#### [Work order]
Restate word for word all of the lines below, with each image left out.

#### [Recorded information]
┄┄┄┄┄┄┄┄┄┄

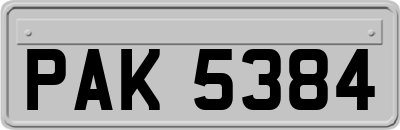 PAK5384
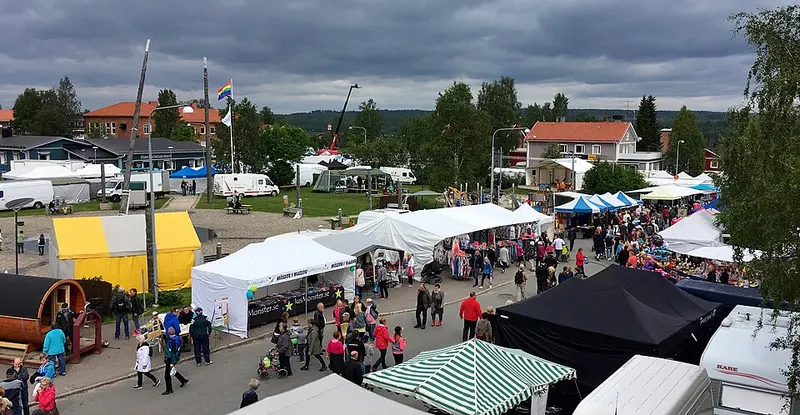 Pajala marknad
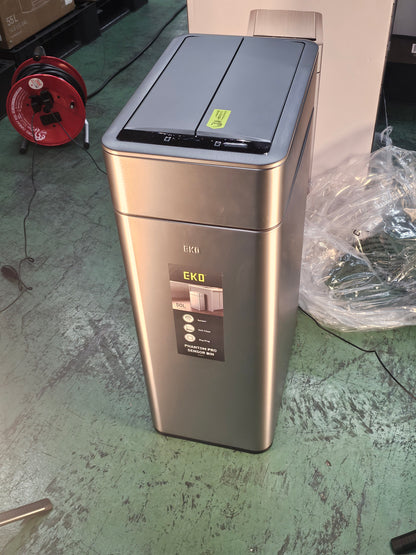 EKO 自動ごみ箱　ファントムプロ５０L  （アウトレット商品）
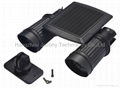 brightest motion activated solar security Light with motion sensor 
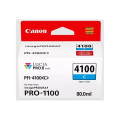 CANON supplies Картридж струменевий Canon PFI-4100 imagePROGRAF PRO-1100 Cyan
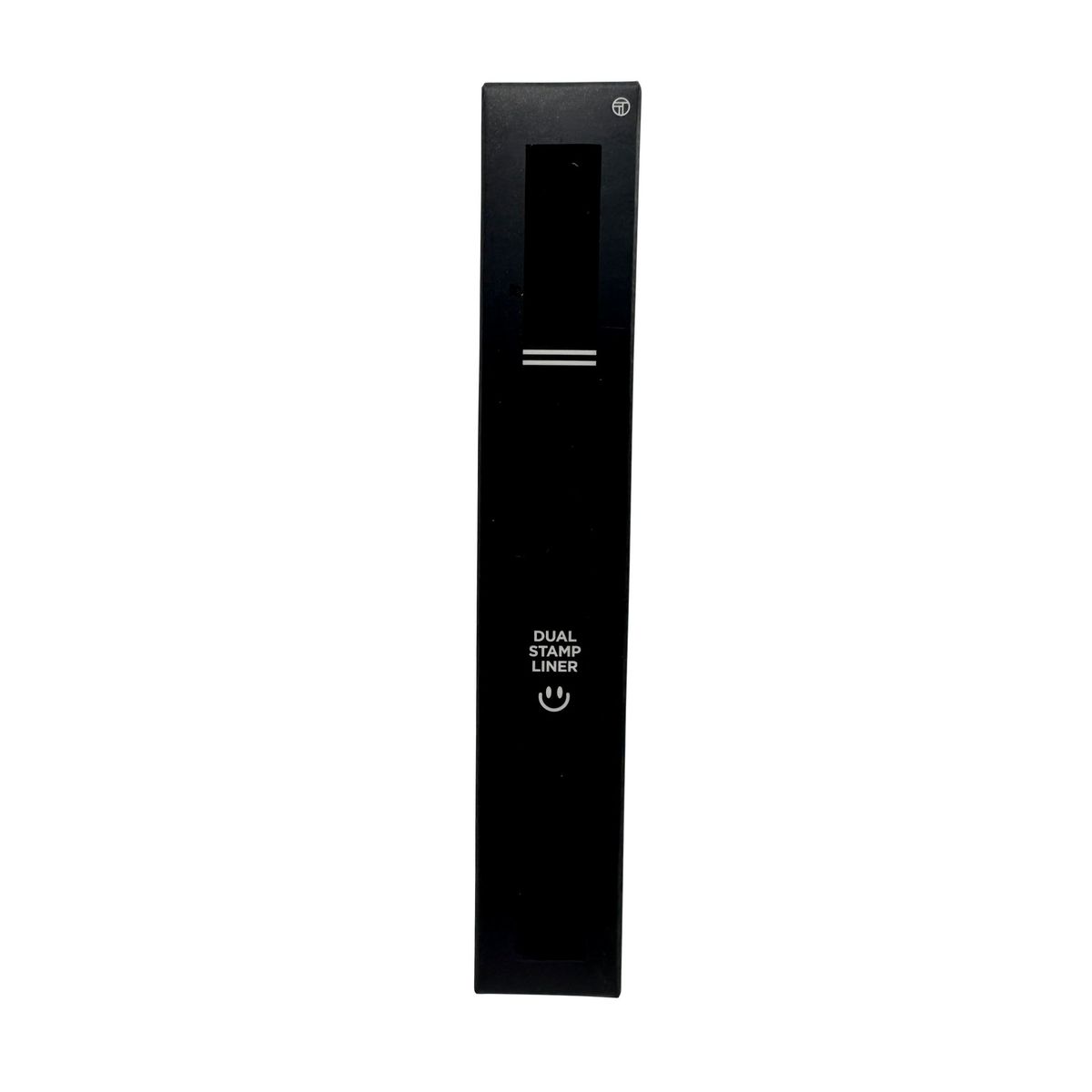 TONYMOLY - TonyMoly Dual Stamp Liner Negro 2 ml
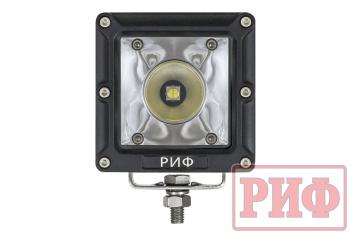 2 889 р. Фара дальнего света РИФ 15W LED РИФ sm-4015-ssa  с доставкой в г. Кемерово. Увеличить фотографию 3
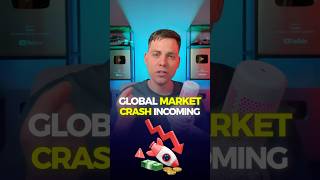 Global Market Crash Incoming #crypto #stocks #bitcoin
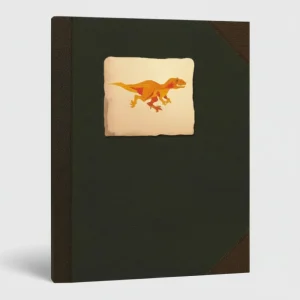 Pop Up Boek 3D Dinosaurus Kinderboek Educatief Hardcover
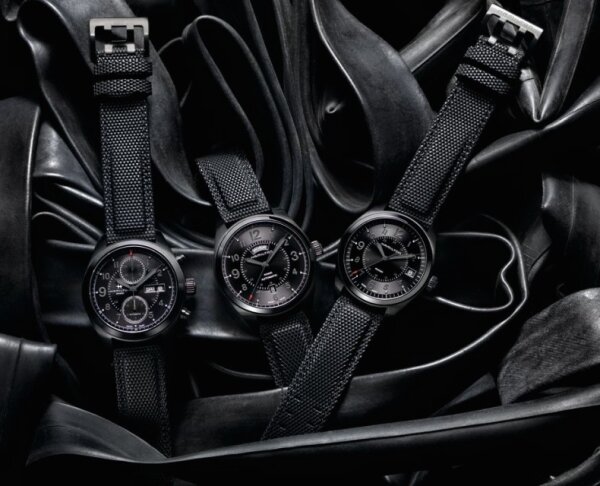 Hamilton Khaki Field Synthetik Lederband 20/20mm...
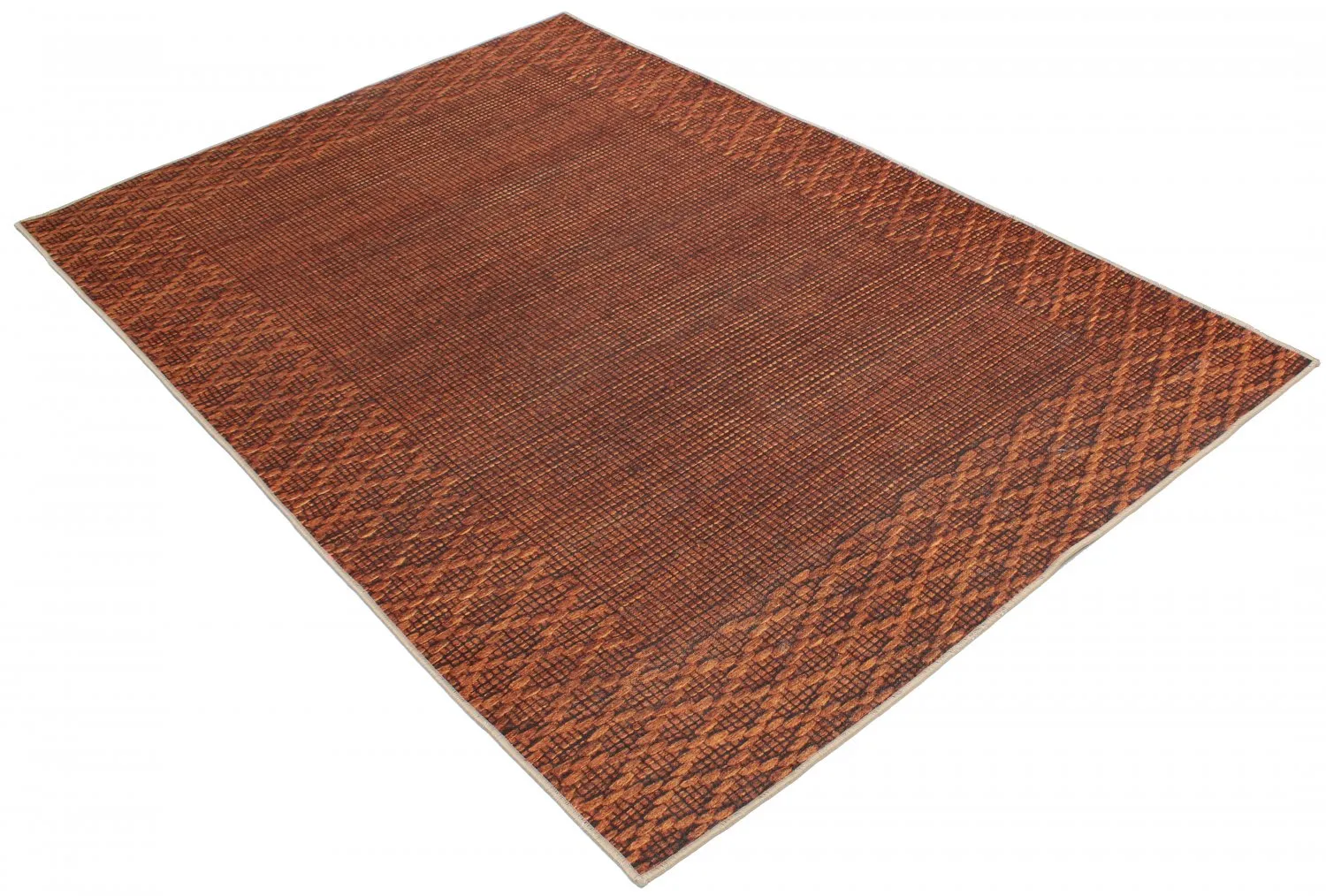 Tapis Wilton - Favone (marron)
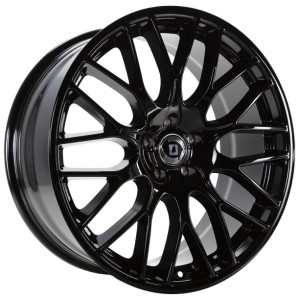 Janta aliaj Diewe Wheels Impatto 9.5x21" 5x110 ET37 NS - NeroS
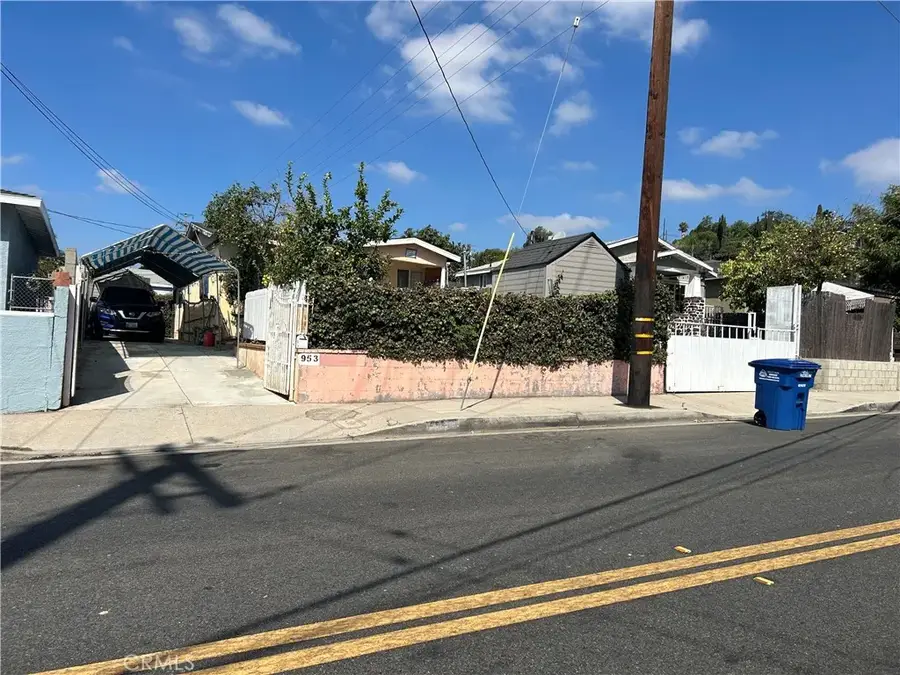 953 N Hazard Avenue, Los Angeles, CA 90063 - #2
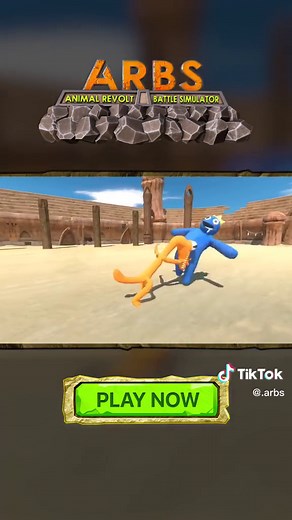 Someone make these in the workshop and tag us 😂😂 P.s. this is not actually in the game #arbs #arbsworkshop #funny #mobilegaming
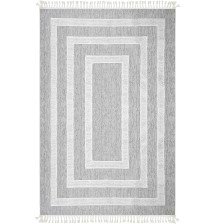 Ковер TORONTO 7569 BX18 2,0х3,0м grey-grey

┄┄┄┄┄┄┄┄┄┄

#### [Result of the task]
 PAK5384
 Pajala marknad
 EKO 自動ごみ箱　ファントムプロ５０L  （アウトレット商品）
 brightest motion activated solar security Light with motion sensor 
 CANON supplies Картридж струменевий Canon PFI-4100 imagePROGRAF PRO-1100 Cyan
 TONYMOLY - TonyMoly Dual Stamp Liner Negro 2 ml
 2 889 р. Фара дальнего света РИФ 15W LED РИФ sm-4015-ssa  с доставкой в г. Кемерово. Увеличить фотографию 3
 Global Market Crash Incoming #crypto #stocks #bitcoin
 Pop Up Boek 3D Dinosaurus Kinderboek Educatief Hardcover
 Hamilton Khaki Field Synthetik Lederband 20/20mm...
 Tapis Wilton - Favone (marron)
 Janta aliaj Diewe Wheels Impatto 9.5x21" 5x110 ET37 NS - NeroS
 953 N Hazard Avenue, Los Angeles, CA 90063 - #2
 Someone make these in the workshop and tag us 😂😂 P.s. this is not actually in the game #arbs #arbsworkshop #funny #mobilegaming
 Ковер TORONTO 7569 BX18 2,0х3,0м grey-grey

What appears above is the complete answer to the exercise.